We conducted eight case studies about the use of ICT for production engineering, energy use optimisation, and emissions monitoring. The results confirm, by and large, the important role for ICT in increasing sector sustainability, particularly through the use of ICT-based production optimisation, energy management, and emissions management systems.
The industry and expert surveys conducted for this study further show a recent increase in adoption of these systems (and persistently weak market incentives for adoption of emissions-management systems, in particular). This provides an optimistic context for the econometric results.
While historical impact of ICT on industry emissions is distinct but limited, increased adoption and awareness sector-wide suggest that empirical evidence for the role of ICT in sector sustainability will improve in the future.
Above all else, we advise that the best way to reduce GHG emissions in energy-intensive industries is to allow the market to determine the most efficient technology - whether it is ICT-based or not - through a sufficiently high price for carbon (sufficiently low carbon caps) in the framework of the European Union Emissions Trading System (EU ETS).
However, our analysis also indicates need for indirect policy support to foster the development and wider adoption of ICT that supports energy management and emissions management systems. Documentation and publication of best practises, financing support for research and development, encouragement of cross-sector cooperation for ICT development and cultivation of a greater awareness of climate change concerns will all incentivise the needed development and adoption of these ICT-based systems.

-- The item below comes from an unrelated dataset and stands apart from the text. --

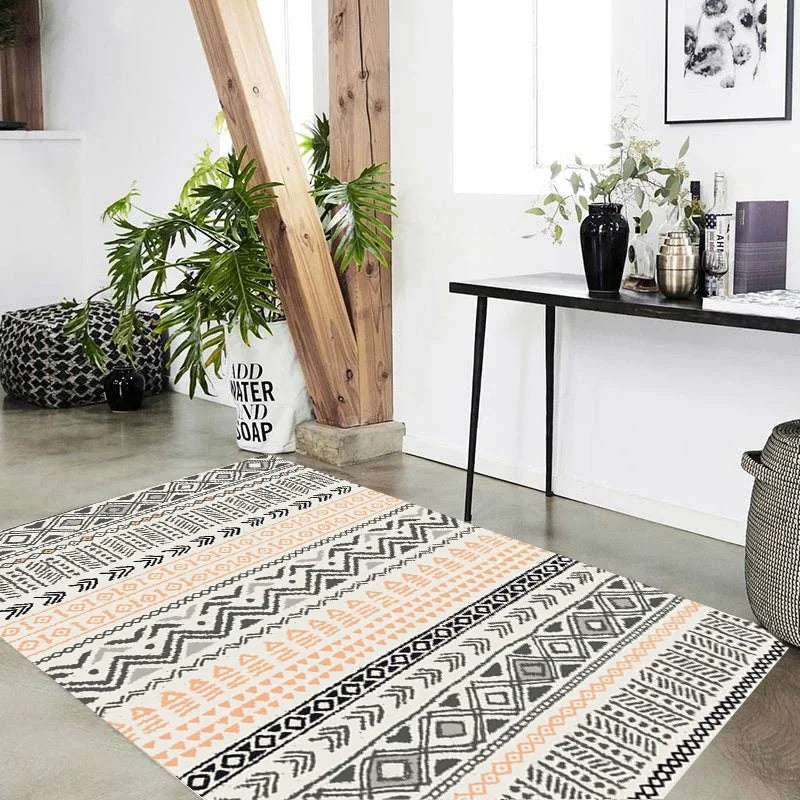 Cozy Boho Baroque Floral Rug Home Decoration Carpets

Furthermore, we suggest a particular attention to new Eastern European member states and the transport sector, where emissions reductions are most needed but ICT has not yet been proven to be emissions-reducing.
Finally, we emphasise the need for standardised emissions accounting and reporting systems in order to increase the credibility and competitiveness of European energy-intensive firms and to facilitate further useful analysis that builds on this report's conclusions.